- **RECORDED INFORMATION**
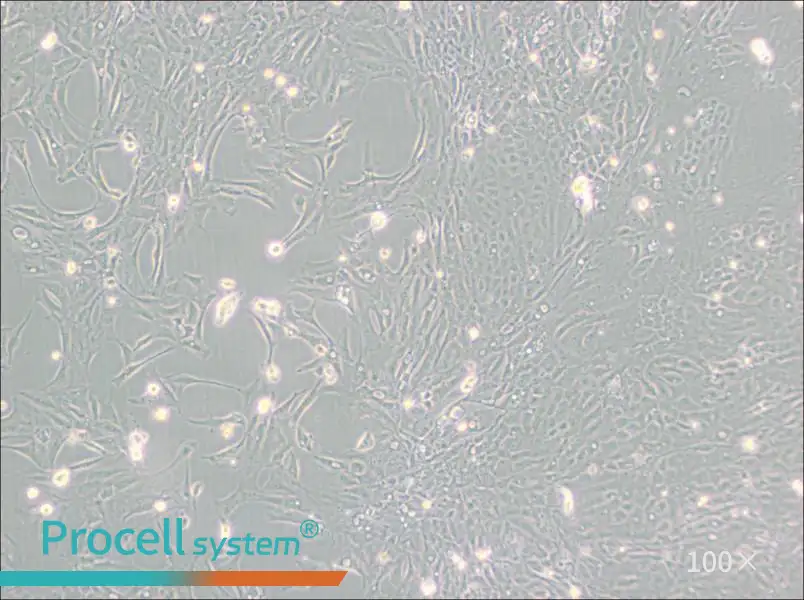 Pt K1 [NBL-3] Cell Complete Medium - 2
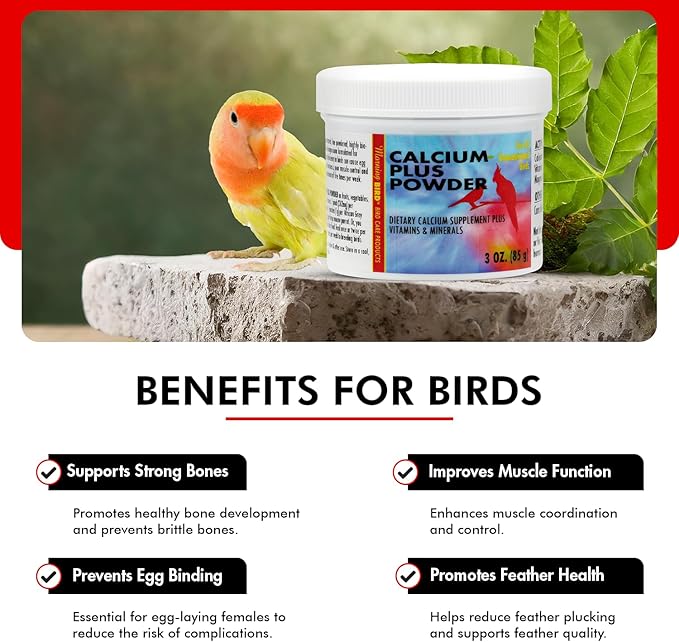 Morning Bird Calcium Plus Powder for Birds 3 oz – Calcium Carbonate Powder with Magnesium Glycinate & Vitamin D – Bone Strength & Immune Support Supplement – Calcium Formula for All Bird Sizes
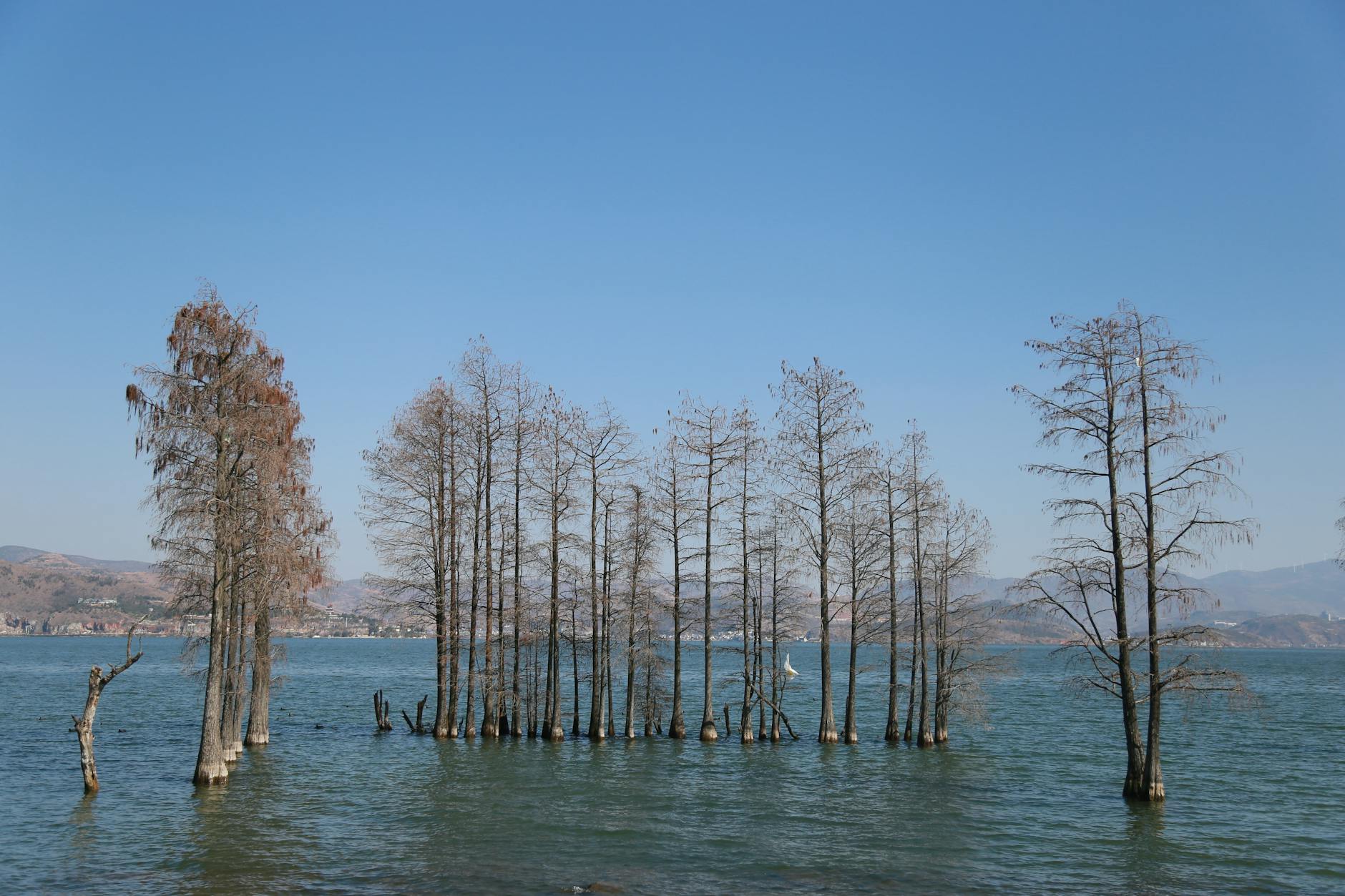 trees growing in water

- **EXERCISE**
Without the pictures, write out all of the material exactly.

- **ANSWER TO THIS TASK**
 Pt K1 [NBL-3] Cell Complete Medium - 2
 Morning Bird Calcium Plus Powder for Birds 3 oz – Calcium Carbonate Powder with Magnesium Glycinate & Vitamin D – Bone Strength & Immune Support Supplement – Calcium Formula for All Bird Sizes
 trees growing in water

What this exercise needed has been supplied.